Sunday, 30 August 2009


NEW YORK, Aug. 29 (Bloomberg): US stocks fell as investors sold companies whose profits are least tied to the economy after Dell Inc. and Intel Corp. bolstered confidence that the outlook for technology spending is improving. The dollar and oil advanced.
Merck & Co., McDonald's Corp. and AT&T Inc. fell as drugmakers, sellers of consumer goods, and phone companies posted the steepest drops in the Standard & Poor's 500 Index. Dell, the second-biggest computer maker, gained 1.8 per cent after beating analysts' profit estimates. Intel, the largest chipmaker, added 4 per cent following its increased forecast.

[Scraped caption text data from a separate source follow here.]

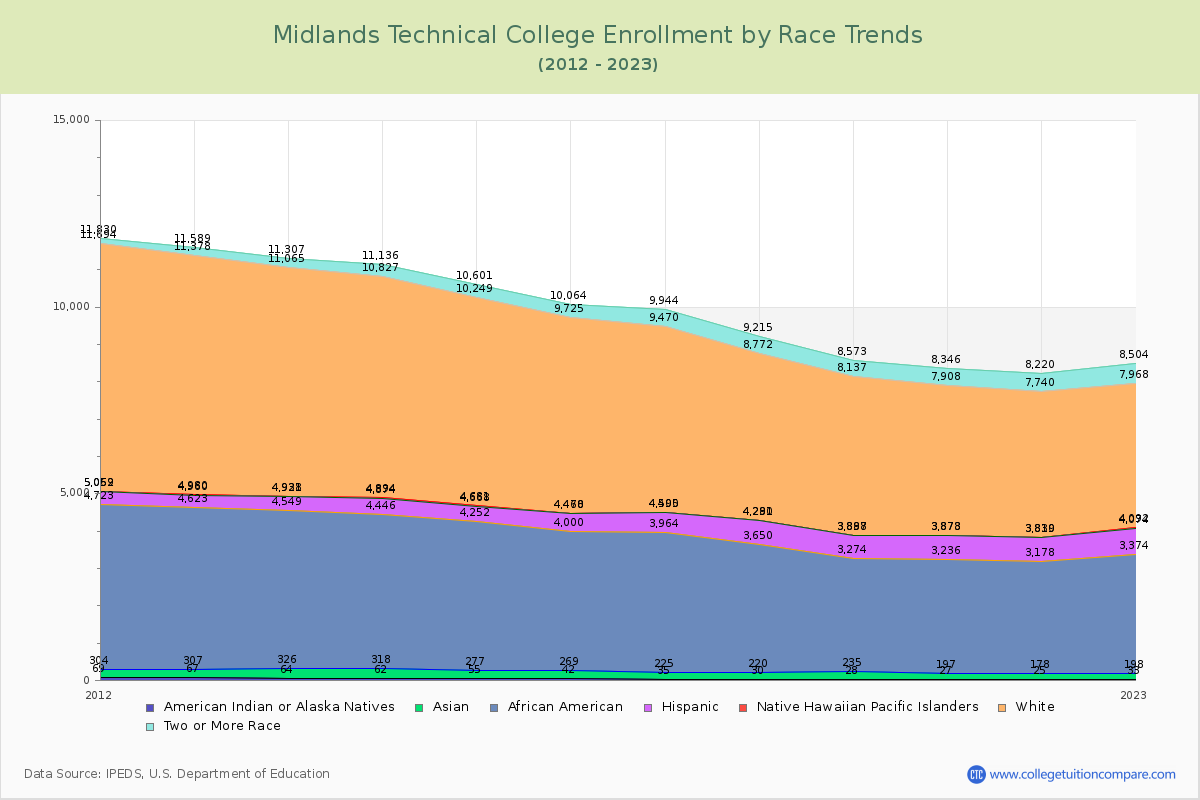 Midlands Technical College Enrollment by Race Trends Chart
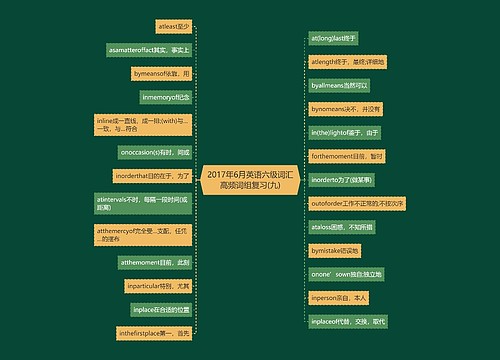 2017年6月英语六级词汇高频词组复习(九)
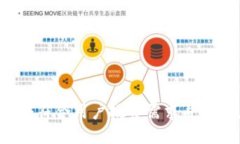 思考一个符合用户搜索需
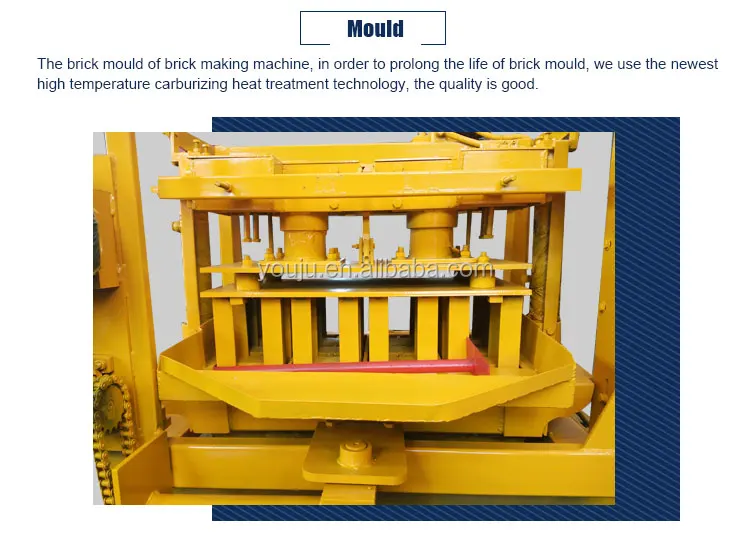 QMY4-30 Mobile Hollow Block Machine | Ready to Ship - Image 6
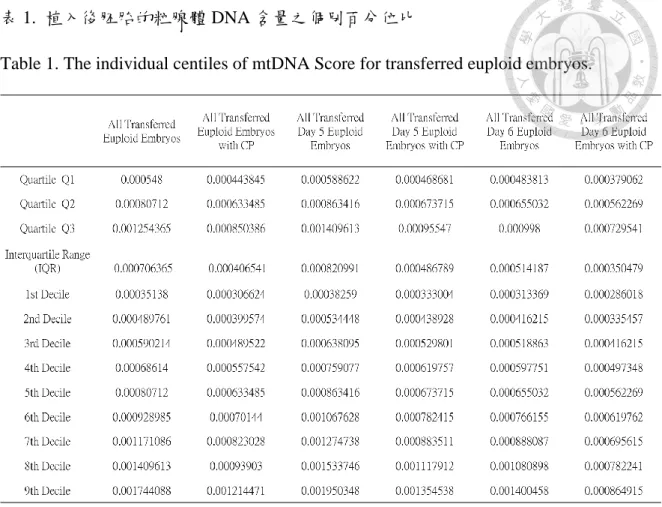 表 1.  植入後胚胎的粒腺體 DNA 含量之個別百分位比 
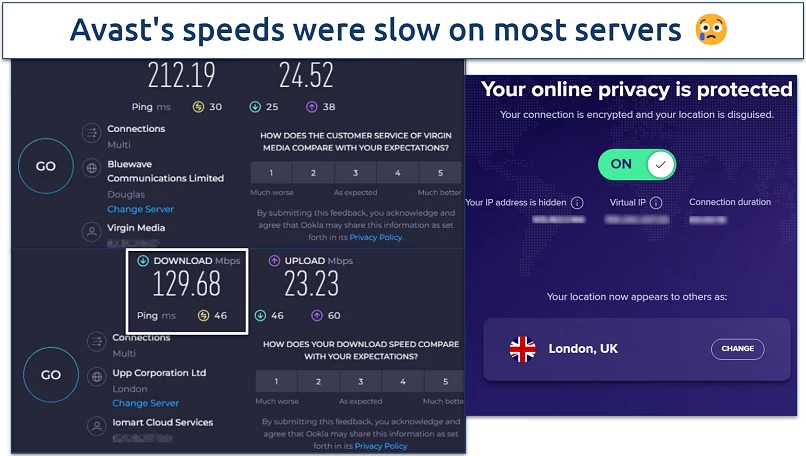 Screenshot of Ookla speed tests done with no VPN and while connected to Avast SecureLine's UK server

The S&P 500 lost 0.2 per cent to 1,028.93 at 4 p.m. in New York, trimming its second straight weekly gain to 0.3 per cent. The Dow Jones Industrial Average fell 36.43 points, or 0.4 per cent, to 9,544.20 in its first drop since Aug. 17. The Dollar Index added 0.4 per cent, while crude oil for October delivery added 0.3 per cent to $72.74 a barrel.
"People are perhaps considering shifting from playing defense to playing offense," said Lawrence Creatura, a money manager at Federated Clover Investment Advisors, which oversees $2 billion in Rochester, New York. "The offensive playbook says sell staples, sell safety, sell large-caps generically."
Makers of telephone equipment and drugs and suppliers of household goods failed to keep pace with the S&P 500 as it rebounded from a 12-year low on March 9, according to data compiled by Bloomberg.